What was the impact of Marjane Satrapi’s work?
When Persepolis came out, almost a quarter of a century ago now, it was a revelation. In its stark, clear imagery, its direct language and its alternation between episodes of comedy and pathos, this graphic auto-fiction found a completely new way to bring a global readership into direct relationship with this warm, wry and penetratingly intelligent Iranian woman. That overturned a lot of lazy, stereotypical, prejudiced thinking. Europeans and Americans like to construct the woman as victim, and the institutional oppression of women under regimes like the Taliban, Daesh and the Islamic Republic can easily compound that, leading to people talking about Islam as inherently sexist (which it is not), and about Western Asia as a “backward” or “barbaric” place, about people “living in the Middle Ages”. When you hear the voices of women who have lived under those regimes, and recognise their profound commitment to their people, their cultures and their sisters, the sheer depth of their humanity, the articulacy with which they express their ideas - then you start to understand that they are not being oppressed by anything culturally inherent in their societies, but by yet another right-wing patriarchal power grab.

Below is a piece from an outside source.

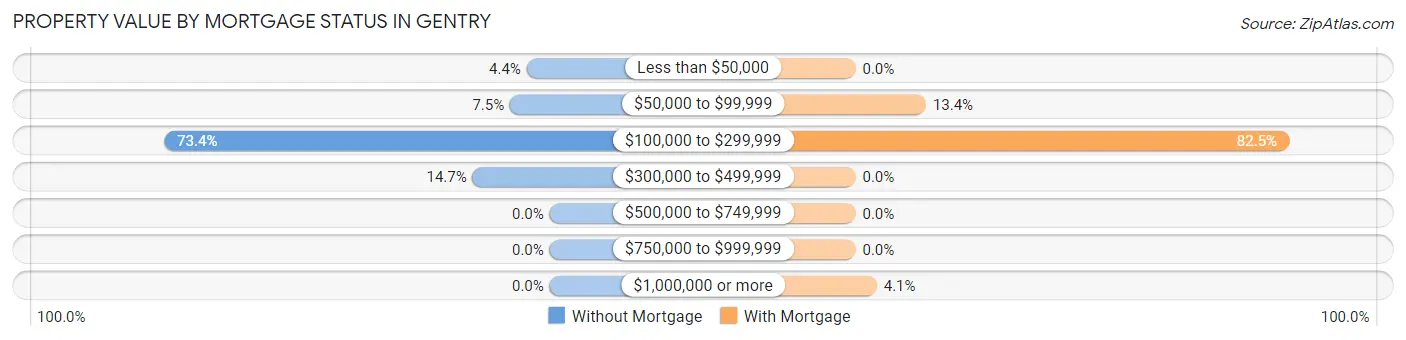 Property Value by Mortgage Status in Gentry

President Macron said that Marjane Satrapi “turned an Iranian childhood into a universal tale”. On one level that seems nonsensical: her storytelling was very specifically rooted in a set of historical circumstances. But on another level he was kind of right: what she managed to do was to open up the Iranian context so that people who hadn’t experienced it could relate to it emotionally. On a human level.
Why is her loss a tragedy for Iran?
She was way too young to pass away. Only 56. And, as her family said, she died of sadness. Someone who had dealt with sorrow throughout her life had found love and happiness, and when the person she loved passed on, that was more than she could bear. That’s not only a tragedy for just one nation - it’s the tragic nature of humanity exemplified by one of its most beautiful, feeling voices.

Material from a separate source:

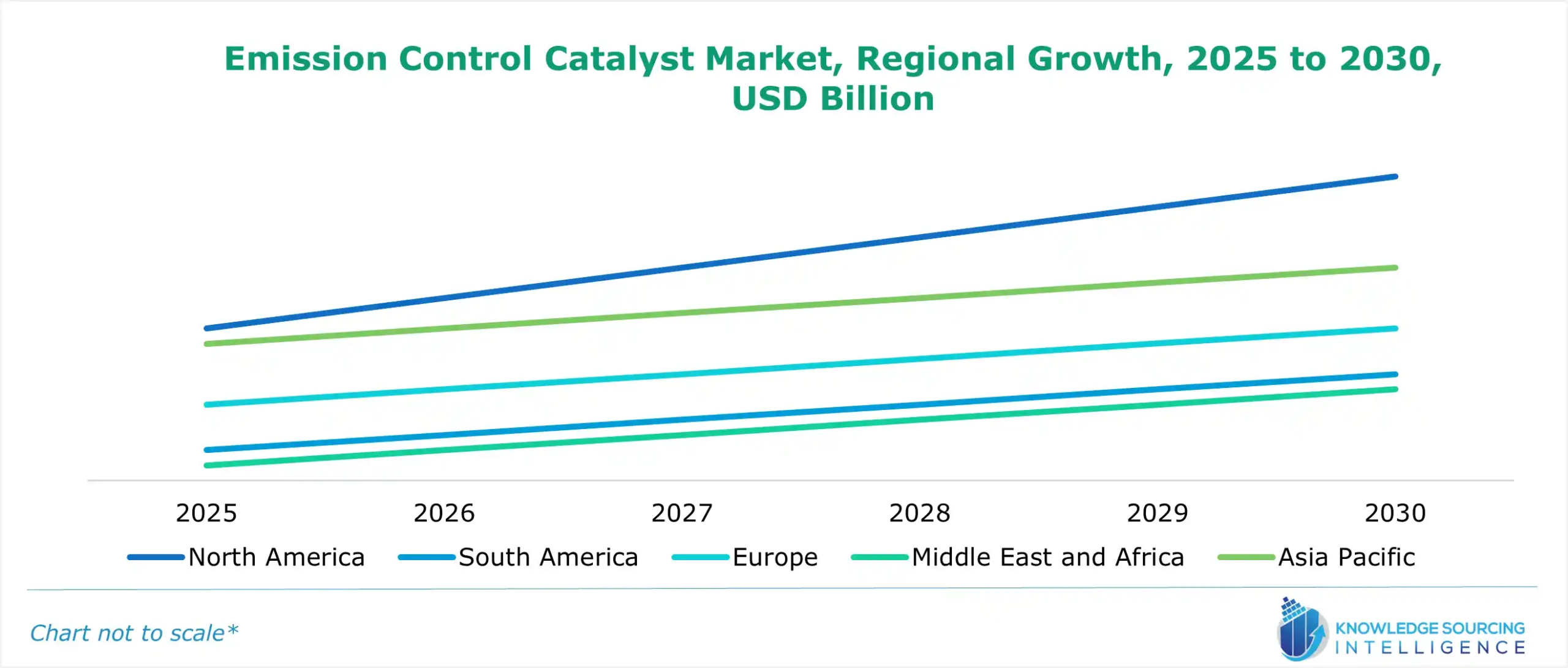 emission control catalyst market growth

Iran is dealing with tragedy on many levels at the moment. The regime that Marjane Satrapi so strongly opposed is still very much in place, and the illegal invasion by Israel and the United States is causing great suffering to the Iranian people. I find it astonishing that even after the Syrian refugee crisis, even after the Gaza genocide, there is still an over-riding narrative that the US and Israel are the good guys, and that they are closer to “us” in terms of values like democracy and freedom. Marjane Satrapi was one of the very rare people who had a platform from which to debunk that. One thing she said in an interview which really resonates with me was when she was asked for a message to the American people, and she emphasised that we should not mentally be dividing the world into countries, into cultures, into East and West. “The difference between you and your government is much bigger than the difference between you and me. And the difference between me and my government is much bigger than the difference between me and you. And our governments are very much the same.” The current moment is only showing us how true that is.

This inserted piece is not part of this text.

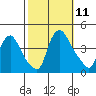 St. Georges tide chart for Saturday, October 11, 2025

What is her legacy and what were her hopes for her country?
Her legacy is her life - not just as it was lived but as it was articulated, as it was drawn, dramatised and communicated. The way she moulded her life into a beautiful offering for the world. And through that, I hope she leaves a legacy of understanding. I hope people will revisit her writing and drawing and film-making now that she has left us, and feel close to her through what she has expressed. That way we can come closer to other Iranians too.
In terms of her hopes for her country - I think the phrase “Woman, Life, Freedom” encapsulates it pretty well. It’s striking that this phrase works so well in English - look at how “woman” and “freedom” half rhyme, echoing one another so that “life” cuts harshly through the centre with that intense individual “I”, like “knife” and “strife”. Last year I was working on a new play with another brilliant female Iranian artist, Sanam Naderi, who lives in Italy. I asked her to improvise a speech at a political rally, and she did most of it in a fearsome Persian, before suddenly switching to English and declaiming “Woman, Life, Freedom”. So this phrase is consciously addressed to a global audience, in the same way that the theatre of apartheid South Africa or the Civil Rights movement deliberately sought out international spaces. The Iranian regime won’t change because of the current illegal aggression, and it’s unlikely to change positively through a further revolution on the ground. What’s needed is a longer-term cultural shift, rooted in a public discourse, and that requires international dialogue. That’s something only the artists and the storytellers can do.